Transfer learning in cross-domain sequential recommendation

Abstract

Sequential recommendation captures users' dynamic preferences by modeling the sequential information of their behaviors. However, most existing works only focus on users' behavior sequences in a single domain, and when there is insufficient data in the target domain, the recommendation performance may not be satisfactory. We notice that a user's interests are usually diverse, for which the items he/her interacts with in a period of time may be from multiple domains. Moreover, there are also item transition patterns across sequences from different domains, which means that a user's interaction in one domain may affect his/her interaction in the other domains next time. In this paper, we aim to improve the performance of sequential recommendation in the target domain by introducing users' behavior sequences from multiple source domains, and propose a novel solution named transfer via joint attentive preference learning (TJAPL). Specifically, we tackle the studied problem from the perspective of transfer learning and attentive preference learning (APL). For target-domain APL, we adopt the self-attention mechanism to capture the users' dynamic preferences in the target domain.
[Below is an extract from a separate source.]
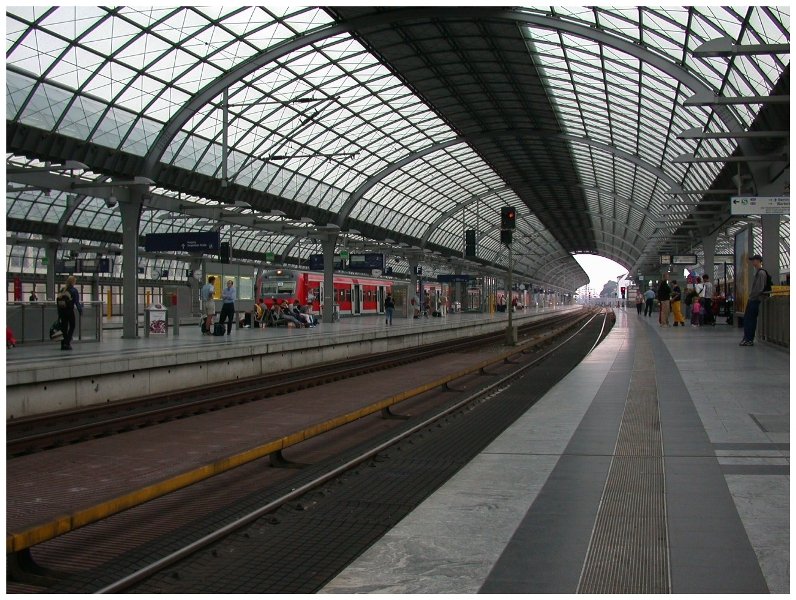 Glasdach ber den Geleisen des Spandauer Bahnhofes in Berlin. (07/2005)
Furthermore, to address the scarcity challenge posed by limited target-domain data, we introduce users' behavioral sequences in the source domain, and devise cross-domain user APL to transfer and share the users' overall preferences from multiple source domains to the target domain. We also design cross-domain local APL that specializes in capturing the item transition patterns across different domains for knowledge transfer. These modules are all based on the attention mechanism and thus can accelerate the training by parallel computation. Notice that our TJAPL can be applied to scenarios with multiple source domains, while transferring knowledge from multiple domains is potentially helpful in practical applications. Extensive empirical studies indicate that our TJAPL significantly outperforms thirteen recent and competitive baselines.